To me, that sounds hilarious. You should write a sitcom.

Last I checked the only people operating in space were highly trained astronauts.

Actually, it mainly got off the ground because the national space council, along with certain key individuals within the space devision of the air force, suggested it – believing that the space domain was increasing in importance and therefore needed an increased focus. Did Trump also happen to think that a "Space Force" sounded cool? Yes. But that’s not why is was created. The internet just ran with that narrative because it made for an admittedly funny story.

I agree, pop culture has poisoned terms like autopilot and space marine to the degree that they can’t be used when we have things that would fall under those definitions, in a serious sort of way.

We already have Air Force, and bending it into Space Force oozes a lack of creativity and branding sense.

Yes because branding is what a military needs…

Branding is absolutely something every military needs.

My Nations military (The Netherlands) has great branding, you should look at the recruitment ads they’re really cool. But they are notoriously underfunded. Just two years ago I read an article about how they had to cancel some training exercises because they were running out of ammunition. And all the gear they’re using is hopelessly outdated. Branding has its place. but it isn’t everything.

Meanwhile the U.S. military recruits based on the promise of free education and health care. Maybe that’s the real reason the U.S. is so opposed to universal health care and free education – nobody would have a reason to join their military!

unless you plan to have a conscript-only army you definitely need a very good marketing strategy.

I don’t know whey they have different divisions anyway.
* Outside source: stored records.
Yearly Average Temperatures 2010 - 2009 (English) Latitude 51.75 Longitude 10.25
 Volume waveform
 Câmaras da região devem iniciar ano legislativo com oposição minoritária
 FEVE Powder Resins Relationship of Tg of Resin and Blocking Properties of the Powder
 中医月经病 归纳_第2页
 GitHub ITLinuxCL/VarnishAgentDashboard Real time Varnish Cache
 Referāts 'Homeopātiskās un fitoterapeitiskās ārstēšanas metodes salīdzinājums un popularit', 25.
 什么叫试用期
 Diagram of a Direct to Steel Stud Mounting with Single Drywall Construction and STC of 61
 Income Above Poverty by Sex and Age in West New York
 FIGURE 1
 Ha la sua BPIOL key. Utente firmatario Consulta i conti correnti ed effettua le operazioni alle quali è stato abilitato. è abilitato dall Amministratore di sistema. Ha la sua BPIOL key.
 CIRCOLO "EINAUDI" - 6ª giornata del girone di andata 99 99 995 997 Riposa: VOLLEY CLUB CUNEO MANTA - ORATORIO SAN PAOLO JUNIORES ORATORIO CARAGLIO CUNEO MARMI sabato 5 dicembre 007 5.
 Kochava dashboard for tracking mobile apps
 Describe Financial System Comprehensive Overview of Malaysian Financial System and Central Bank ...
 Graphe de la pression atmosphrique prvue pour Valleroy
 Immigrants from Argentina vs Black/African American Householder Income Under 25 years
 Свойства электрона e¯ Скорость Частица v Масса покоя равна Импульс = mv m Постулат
The navy flies planes, the air force flies planes, the army flies planes… Does the army have boats? What about the air force, do they?

Of course. But the equipment owned is a silly demarkation line. There’s the Department of Defense and the Department of the Navy (and the Department of Homeland Security to cover the Coast Guard to be thorough). Each has a different charge, especially noteworthy in times of peace. The Navy, for example, protects sea trade routes as a matter of national security. Them owning planes, helicopters and automobiles doesn’t matter.

Not quite accurate. The Department of Defense consists of the Dept. of the Navy, Dept. of the Army, and the Dept. of the Air Force, as established by the National Security Act of 1947.
The USCG operates under DHS in peacetime, but under DoNavy (and therefore under DoDefense) during wartime.

Then a department of defense (AKA Homeland Security, Coast Guard) and a department of offence?

I think I might feel right at home in the Department of Offense.

It used to be called the Department of War (really!).